My two tips from this year are represented in this track, which I made from a Pure Data patch I’ve enjoyed constructing and playing around with a lot this year. I use Automatonism in Pure Data, which I find to be an incredible tool that really opened up ‘computer music’ for me.
The first tip is to use the Parameter Nudge module in Autom, which will when triggered (either by button press or by a trigger signal) nudge every parameter in the whole patch by a certain (adjustable) amount. This has fantastic potential for creating generative systems, controlled randomness or absolute chaos. I don’t use modular, but even if I did I would not be able to tweak every knob in the rack several times a second!
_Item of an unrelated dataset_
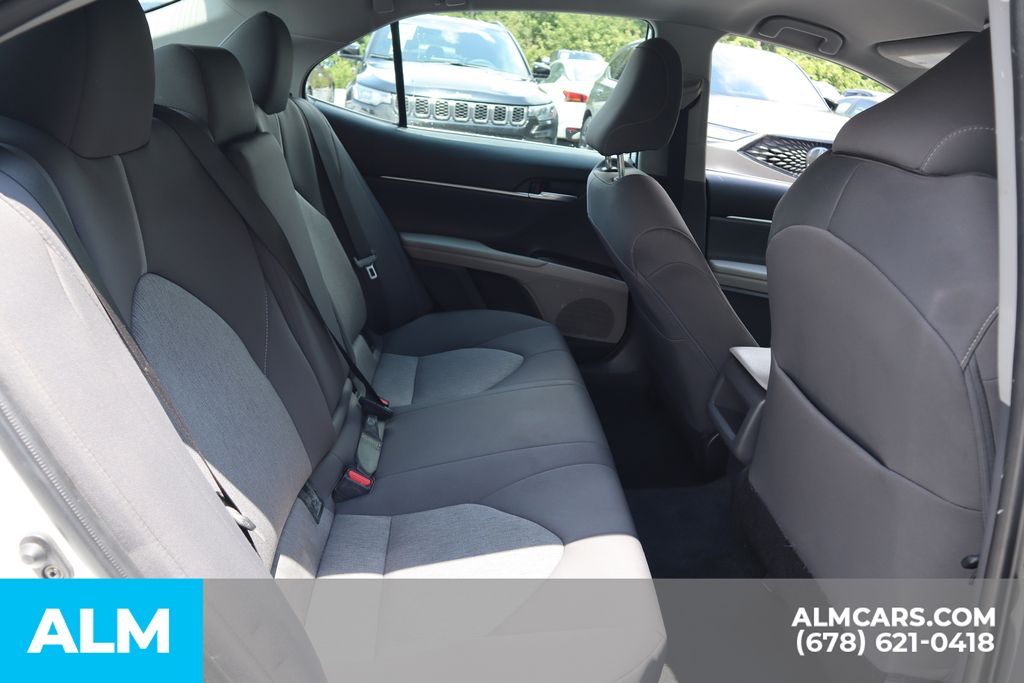 2023 Toyota Camry LE photo 19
The second tip is pretty basic, but it was valuable to me: get a midi controller! I always associated MIDI with keyboards predominantly, which doesn’t do much for me as I’m not playing songs or writing melodies. But I picked up a nice and cheap Nanokontrol this year so that I could control Pd / Autom patches with knobs and sliders over MIDI CC, and it’s made a huge difference. As I can map the controls freely, I’m essentially building instruments and playable systems now, which opens up a huge amount of potential. (Old news to most lines folks I’m sure…)
The first half of this track is a generative chaos patch ‘frozen’, e.g. I’ve switched off the master clock, so no parameters are being nudged, and I’m fading the four channels up and down with the controller. Then I trigger the master clock on, and the nudges start firing again and the soundscape gets very fast and busy and noisy. I continue to work on the channel faders throughout. Enjoy!